David Mezzetti for NeuML

Posted on Apr 20, 2022 • Edited on Apr 25, 2024 • Originally published at neuml.hashnode.dev

Query translation

#ai #llm #rag #vectordatabase

txtai supports two main types of queries: natural language statements and SQL statements. Natural language queries handles a search engine like query. SQL statements enable more complex filtering, sorting and column selection. Query translation bridges the gap between the two and enables filtering for natural language queries.

For example, the query:

Tell me a feel good story since yesterday

becomes

select * from txtai where similar("Tell me a feel good story") and
entry >= date('now', '-1 day')

Install dependencies

Install txtai and all dependencies.

pip install txtai[pipeline]

Create index

Let's first recap how to create an index. We'll use the classic txtai example.
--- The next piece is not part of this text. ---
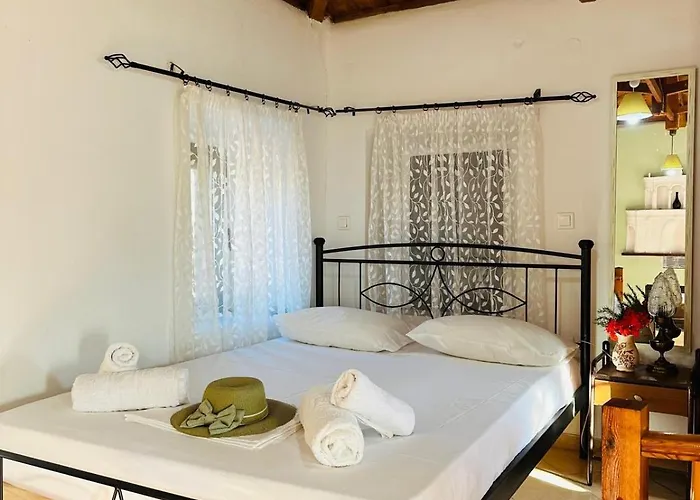 Εresos Relax & Rest House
from txtai.embeddings import Embeddings

data = ["US tops 5 million confirmed virus cases",
        "Canada's last fully intact ice shelf has suddenly collapsed, forming a Manhattan-sized iceberg",
        "Beijing mobilises invasion craft along coast as Taiwan tensions escalate",
        "The National Park Service warns against sacrificing slower friends in a bear attack",
        "Maine man wins $1M from $25 lottery ticket",
        "Make huge profits without work, earn up to $100,000 a day"]

# Create embeddings index with content enabled. The default behavior is to only store indexed vectors.
embeddings = Embeddings({"path": "sentence-transformers/nli-mpnet-base-v2", "content": True})
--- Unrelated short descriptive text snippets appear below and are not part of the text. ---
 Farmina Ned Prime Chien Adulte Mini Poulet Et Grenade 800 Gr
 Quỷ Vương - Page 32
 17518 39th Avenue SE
# Create an index for the list of text
embeddings.index([(uid, text, None) for uid, text in enumerate(data)])

# Run a search
embeddings.search("feel good story", 1)

[{'id': '4',
  'score': 0.08329011499881744,
  'text': 'Maine man wins $1M from $25 lottery ticket'}]

Query translation models

Next we'll explore how query translation models work with examples.

from txtai.pipeline import Sequences

sequences = Sequences("NeuML/t5-small-txtsql")

queries = [
  "feel good story",
  "feel good story since yesterday",
  "feel good story with lottery in text",
  "how many feel good story",
  "feel good story translated to fr",
  "feel good story summarized"
]

# Prefix to pass to T5 model
prefix = "translate English to SQL: "

for query in queries:
  print(f"Input: {query}")
  print(f"SQL: {sequences(query, prefix)}")
  print()

Input: feel good story
SQL: select id, text, score from txtai where similar('feel good story')

Input: feel good story since yesterday
SQL: select id, text, score from txtai where similar('feel good story') and entry >= date('now', '-1 day')

Input: feel good story with lottery in text
SQL: select id, text, score from txtai where similar('feel good story') and text like '% lottery%'

Input: how many feel good story
SQL: select count(*) from txtai where similar('feel good story')

Input: feel good story translated to fr
SQL: select id, translate(text, 'fr') text, score from txtai where similar('feel good story')

Input: feel good story summarized
SQL: select id, summary(text) text, score from txtai where similar('feel good story')

Looking at the query translations above gives an idea on how this model works.

t5-small-txtsql is the default model. Custom domain query syntax languages can be created using this same methodology, including for other languages. Natural language can be translated to functions, query clauses, column selection and more!

Natural language filtering

Now it's time for this in action! Let's first initialize the embeddings index with the appropriate settings.

from txtai.pipeline import Translation

def translate(text, lang):
  return translation(text, lang)

translation = Translation()

# Create embeddings index with content enabled. The default behavior is to only store indexed vectors.
embeddings = Embeddings({"path": "sentence-transformers/nli-mpnet-base-v2",
                         "content": True,
                         "query": {"path": "NeuML/t5-small-txtsql"},
                         "functions": [translate]})

# Create an index for the list of text
embeddings.index([(uid, text, None) for uid, text in enumerate(data)])

query = "select id, score, translate(text, 'de') 'text' from txtai where similar('feel good story')"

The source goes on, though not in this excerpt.